### Problem to work on
In the copy, include no pictures, but reproduce every record exactly.

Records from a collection
------------------------------------------------------------------------

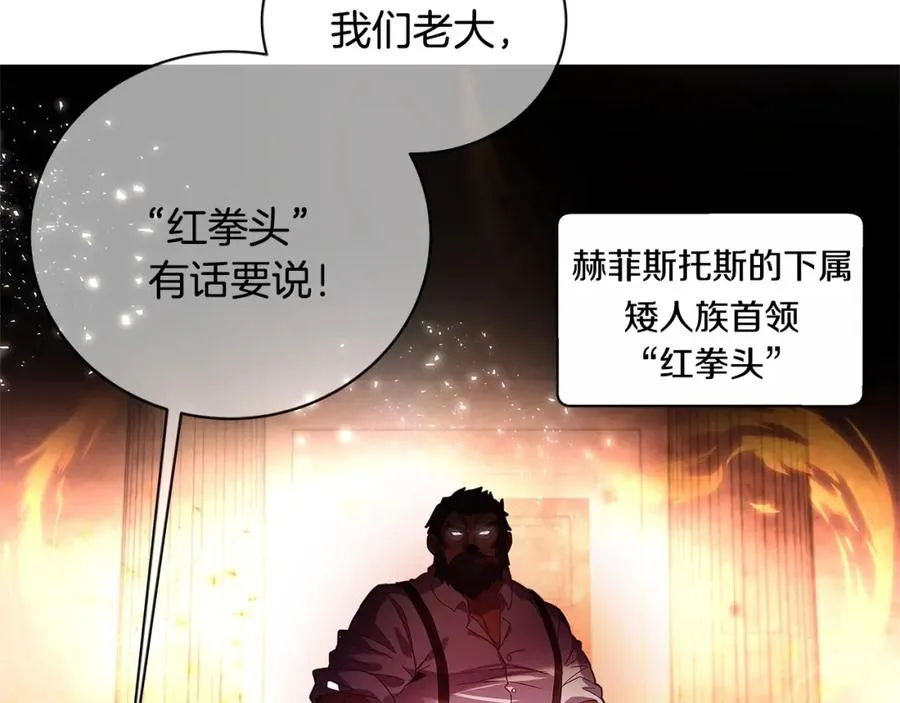 第10话 光头军团 第74页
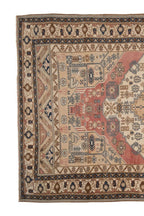 Vintage Karapınar Halı 203 x 331 cm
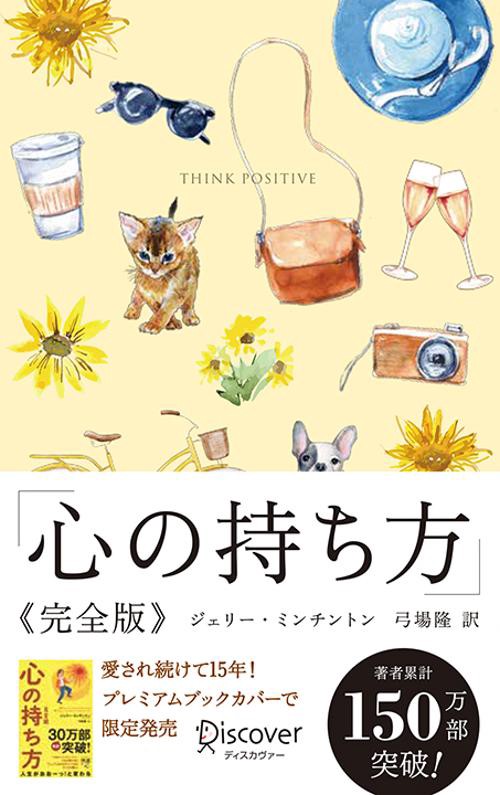 心の持ち方 完全版 プレミアムカバーB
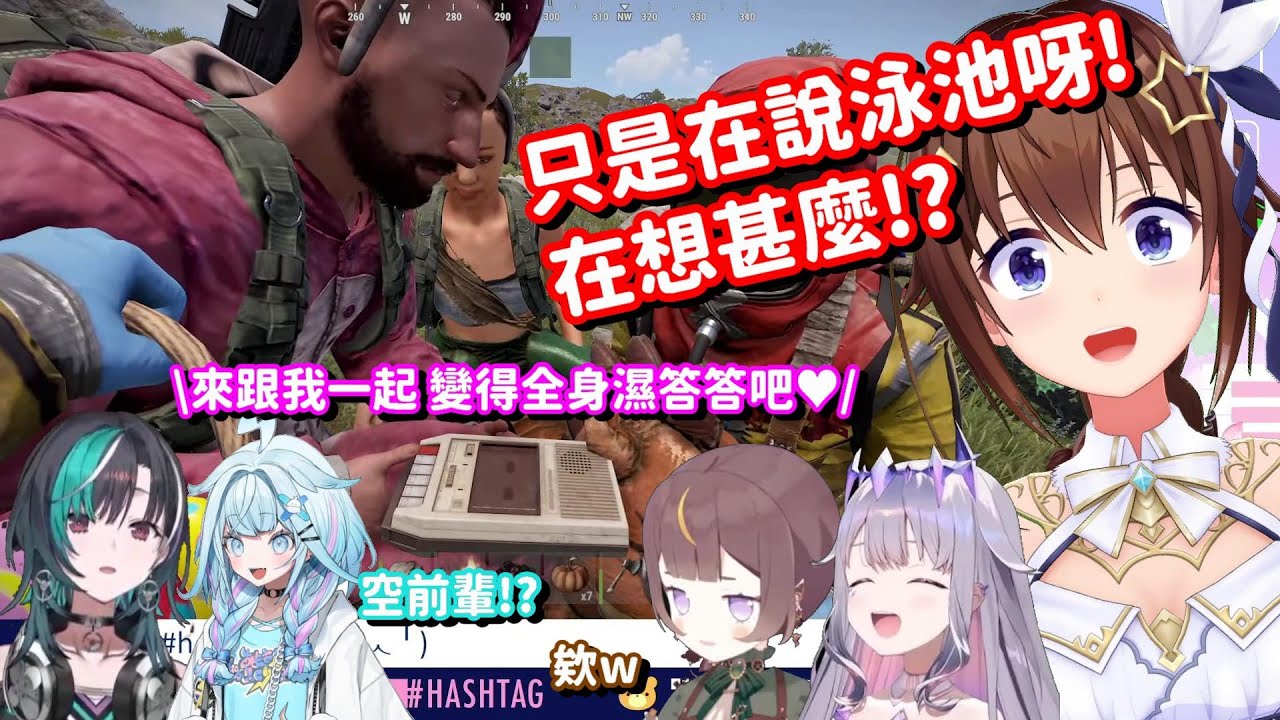 能跟空媽一起 變得全身濕答答... 沒有喇 我真的一點都沒有想歪的喇!!【Hololive中文精華】【時乃空】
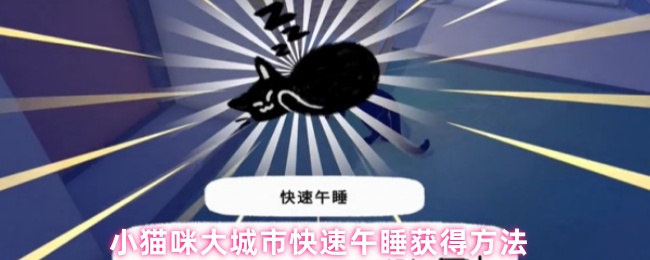 小猫咪大城市快速午睡获得方法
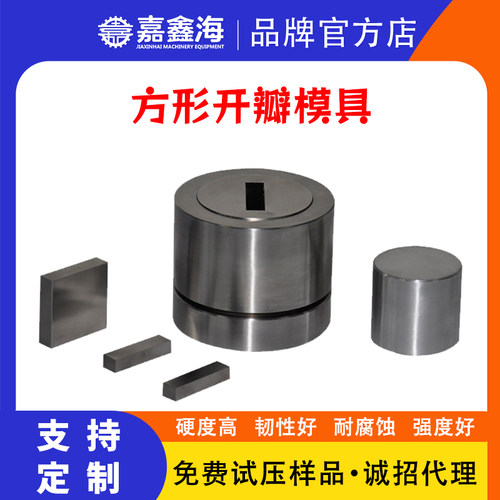 31/32/33/34/35/36/37/38/39/40mm实验室粉末方形开瓣模具可定制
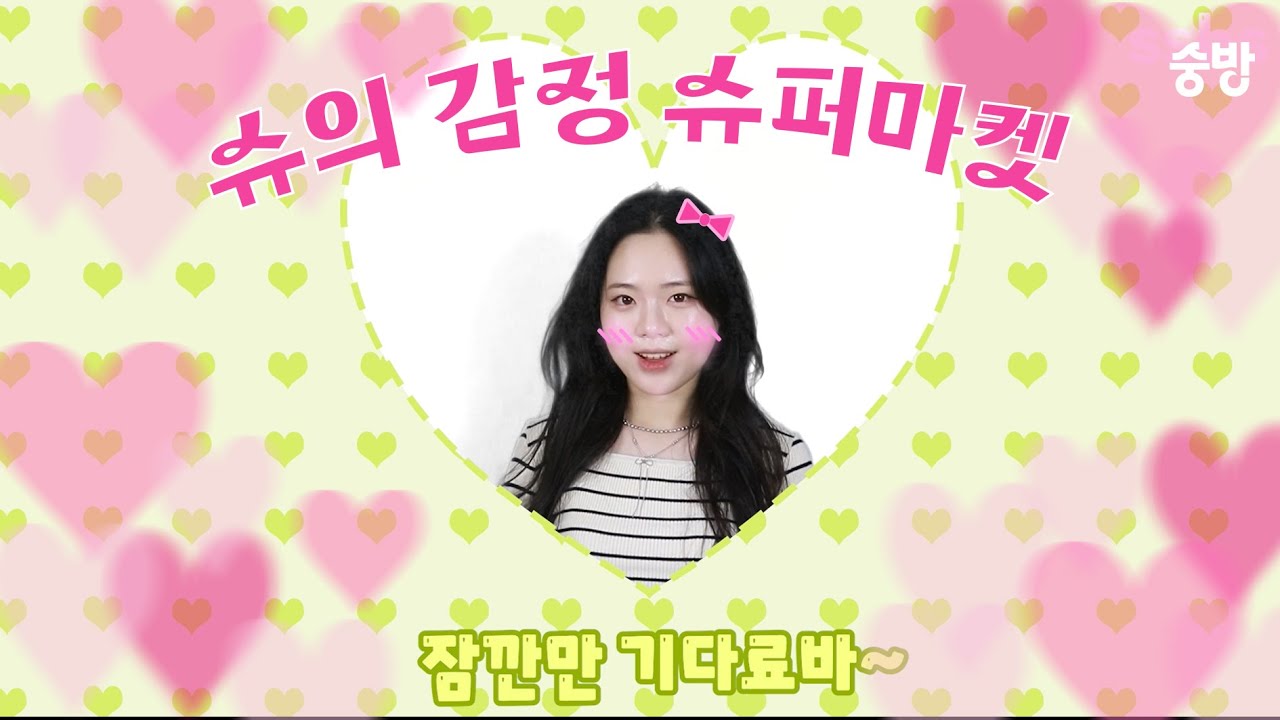 슈의 감정 슈퍼마켓 | [제48회 방송제 : SSU의 SSU퍼마켓] - NO.1 | 숭실대학교 방송제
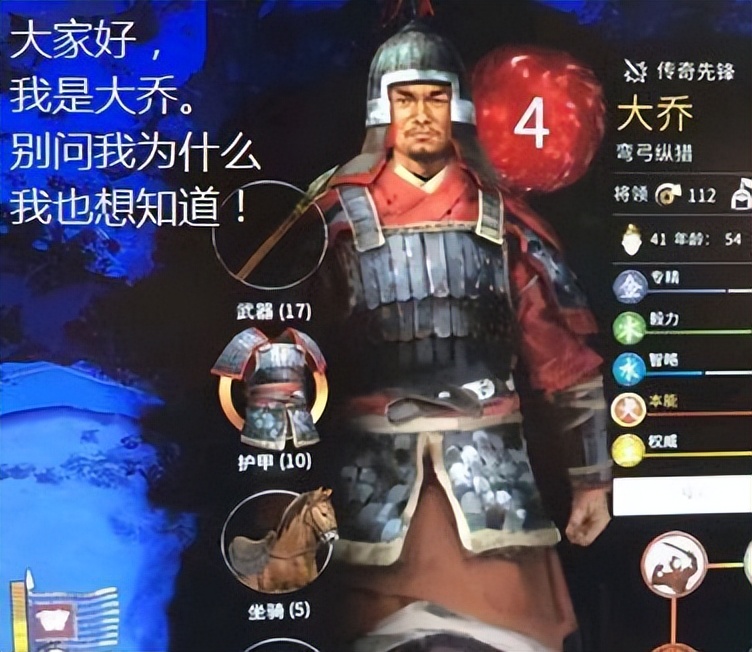 三国志游戏历代盘点,三国志100个经典游戏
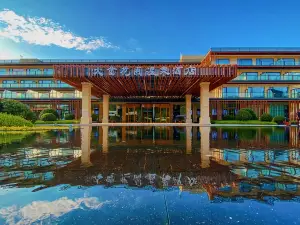 DaShe Village Hot Spring Hotel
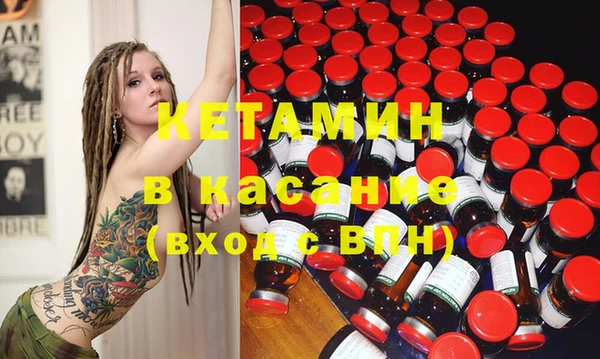 первитин Аркадак
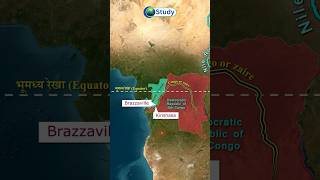 Congo or  Zaire River ( कांगो नदी ) Africa's 2nd Longest River| World Geography #upsc #geography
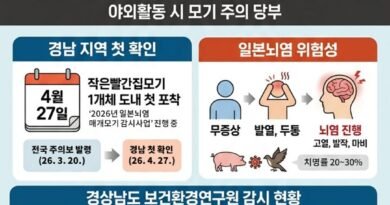 경남도, 올해 첫 일본뇌염 매개모기 확인…“야외활동 시 모기 물림 주의”[천지인 뉴스]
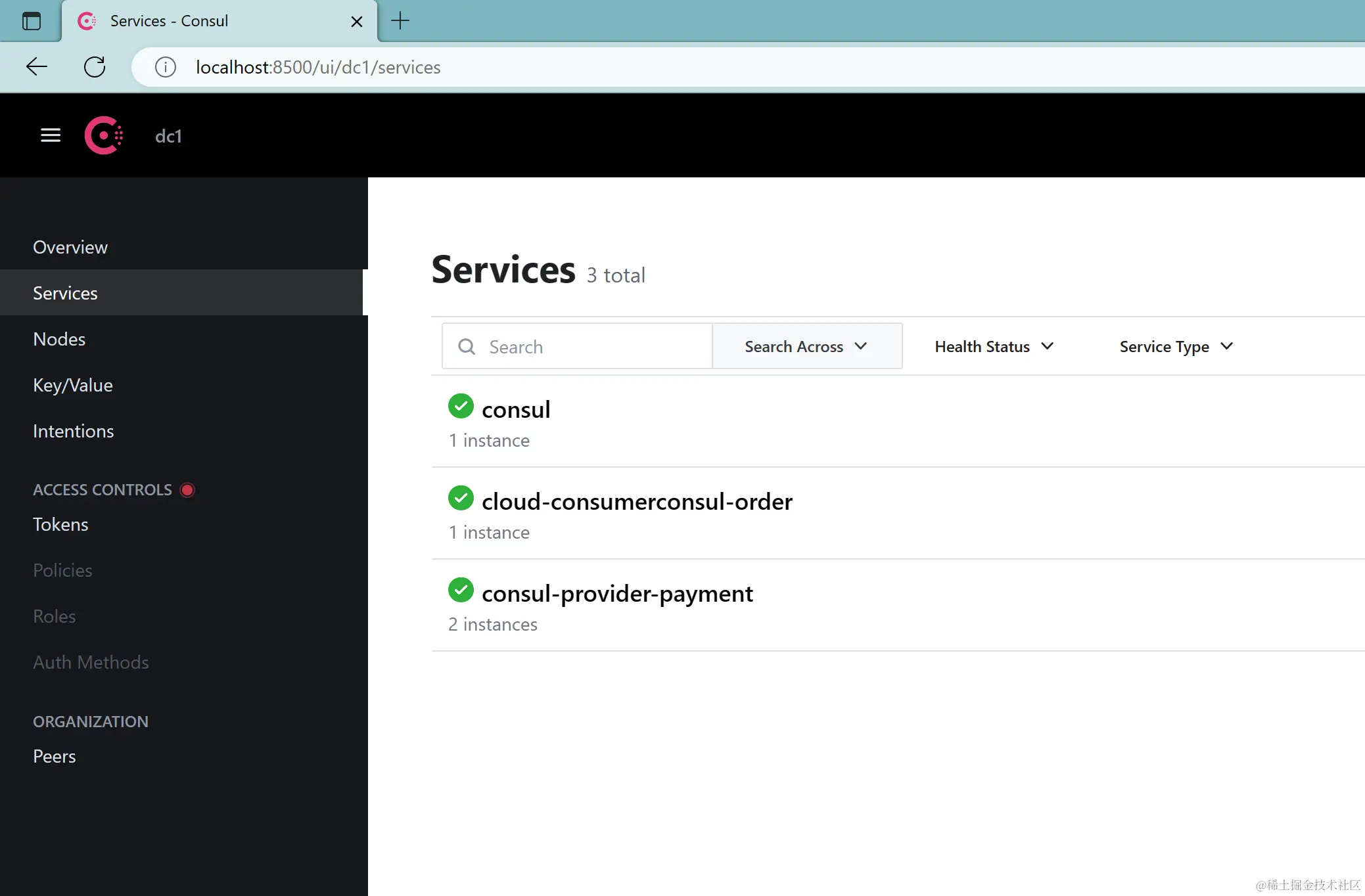 image-20230313193738712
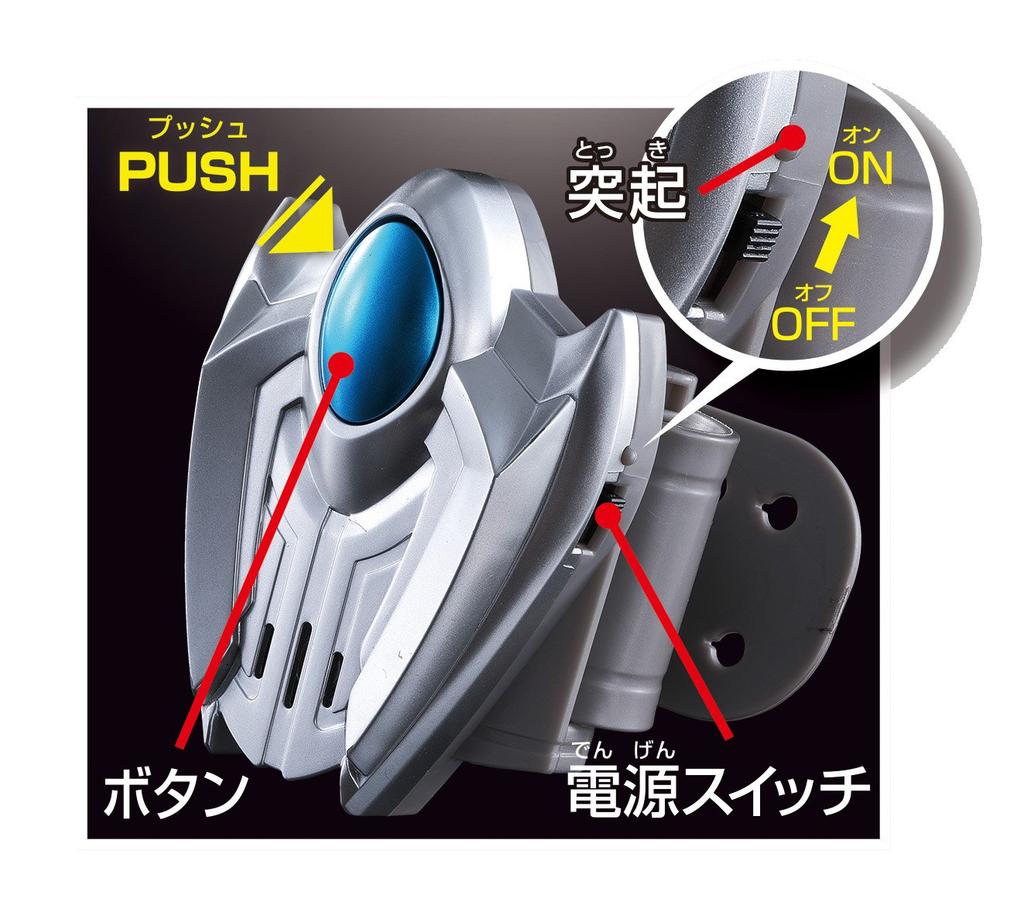 Ultraman Geed Ultraman Zero Cosplay Set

------------------------------------------------------------------------

### Result
 第10话 光头军团 第74页
 Vintage Karapınar Halı 203 x 331 cm
 心の持ち方 完全版 プレミアムカバーB
 能跟空媽一起 變得全身濕答答... 沒有喇 我真的一點都沒有想歪的喇!!【Hololive中文精華】【時乃空】
 小猫咪大城市快速午睡获得方法
 31/32/33/34/35/36/37/38/39/40mm实验室粉末方形开瓣模具可定制
 슈의 감정 슈퍼마켓 | [제48회 방송제 : SSU의 SSU퍼마켓] - NO.1 | 숭실대학교 방송제
 三国志游戏历代盘点,三国志100个经典游戏
 DaShe Village Hot Spring Hotel
 первитин Аркадак
 Congo or  Zaire River ( कांगो नदी ) Africa's 2nd Longest River| World Geography #upsc #geography
 경남도, 올해 첫 일본뇌염 매개모기 확인…“야외활동 시 모기 물림 주의”[천지인 뉴스]
 image-20230313193738712
 Ultraman Geed Ultraman Zero Cosplay Set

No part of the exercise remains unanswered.